The existing Tailscale codebase carries architectural debt that accumulated across PLAN-009 / PLAN-010 / PLAN-011 / PLAN-tailscale-variable-rename: 8 partially-overlapping secret variables (some unread), a Helm-release collision between 802 and 805, an orphaned 804 cleanup script, a 805/806 internal-mode path with no CLI verb and silently-broken removal, and an unused tailscale.env.template with a 6th variable name (TAILSCALE_AUTH_KEY) no code references.

This plan does the "kill what's dead" pass — pure deletions and a single variable rename. The legacy uis tailscale expose/unexpose/verify CLI keeps working after this plan ships. No user-facing change beyond uis deploy tailscale-tunnel continuing to work against the renamed TAILSCALE_OWNER_ID (was TAILSCALE_OPERATOR_PREFIX).

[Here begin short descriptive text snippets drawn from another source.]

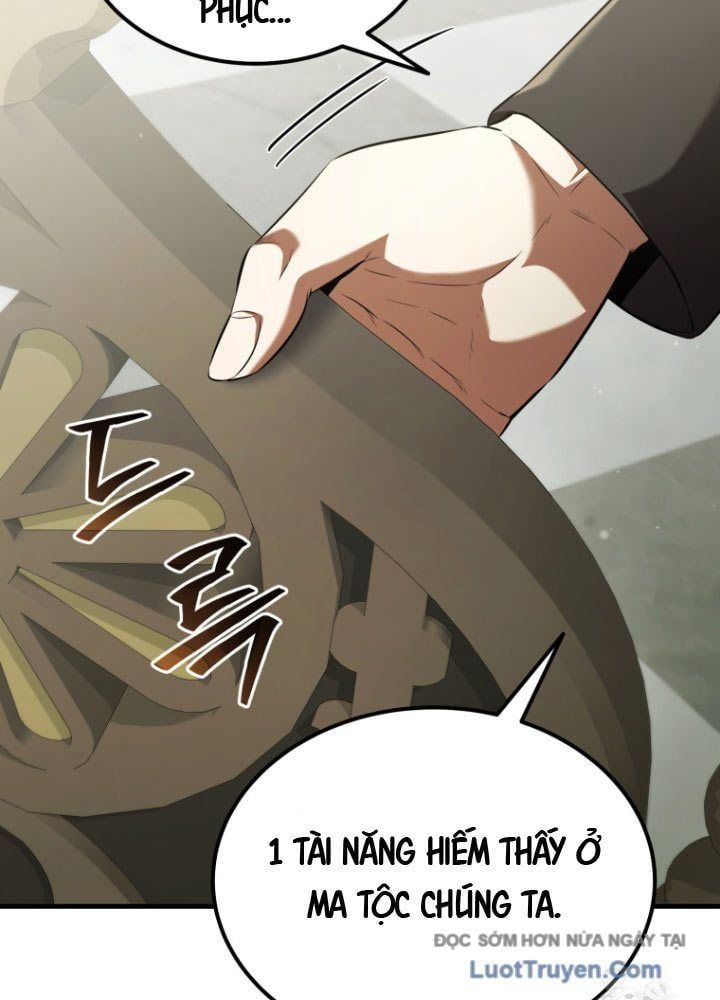 đọc truyện Phản Diện Mắt Cáo Của Học Viện Quỷ Giới Chương 56 ảnh 49 tại Thiên Thai Truyện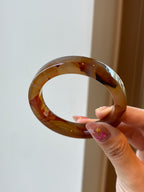 ◼️: Đỏ mật (53.7)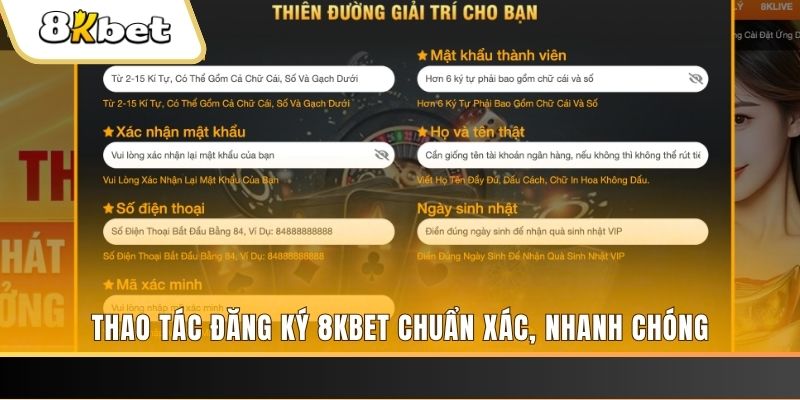 bet 169 68 game bài có uy tín không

After this lands, PLAN-002 builds the new uis network ... tailscale CLI surface on the clean foundation.


Phase 1: Rename TAILSCALE_OPERATOR_PREFIXTAILSCALE_OWNER_ID

Investigation Decision 13. The new name describes what it means semantically (the cluster's owner on the shared tailnet) rather than its job in one specific Jinja2 template.

Tasks

  • 1.1 provision-host/uis/templates/secrets-templates/00-common-values.env.template — rename variable + update the comment block to describe the new owner-id semantic (used for operator device, per-service device names, optional cluster Funnel device name)
  • 1.2 provision-host/uis/templates/secrets-templates/00-master-secrets.yml.template — rename variable + comment
  • 1.3 ansible/playbooks/802-deploy-network-tailscale-tunnel.yml — rename in fact extraction + template vars (also lowercase Ansible var tailscale_operator_prefixtailscale_owner_id)
  • 1.4 ansible/playbooks/803-verify-tailscale.yml — confirmed no reference (file gates on CLIENTID/CLIENTSECRET/TAILNET, not OPERATOR_PREFIX)
  • 1.5 manifests/800-tailscale-operator-config.yaml.j2 — rename Jinja2 variable + update example comment block
  • 1.6 networking/tailscale/802-tailscale-tunnel-deploy.sh — confirmed no reference (the shell wrapper just invokes the playbook)
  • 1.7 website/docs/networking/tailscale-setup.md + tailscale-network-isolation.md — confirmed no reference (will be rewritten in PLAN-003)
  • 1.8 provision-host/uis/lib/integration-testing.sh — confirmed no reference (Tailscale gate uses CLIENTID/CLIENTSECRET/DOMAIN, not OPERATOR_PREFIX/OWNER_ID)

Validation

# Confirm no remaining OPERATOR_PREFIX references in non-historical files
grep -rn 'TAILSCALE_OPERATOR_PREFIX' --exclude-dir=plans/completed --exclude-dir=plans/backlog .
# Expected: empty (or only matches in INVESTIGATE-tailscale-architecture-cleanup.md description text, which is fine)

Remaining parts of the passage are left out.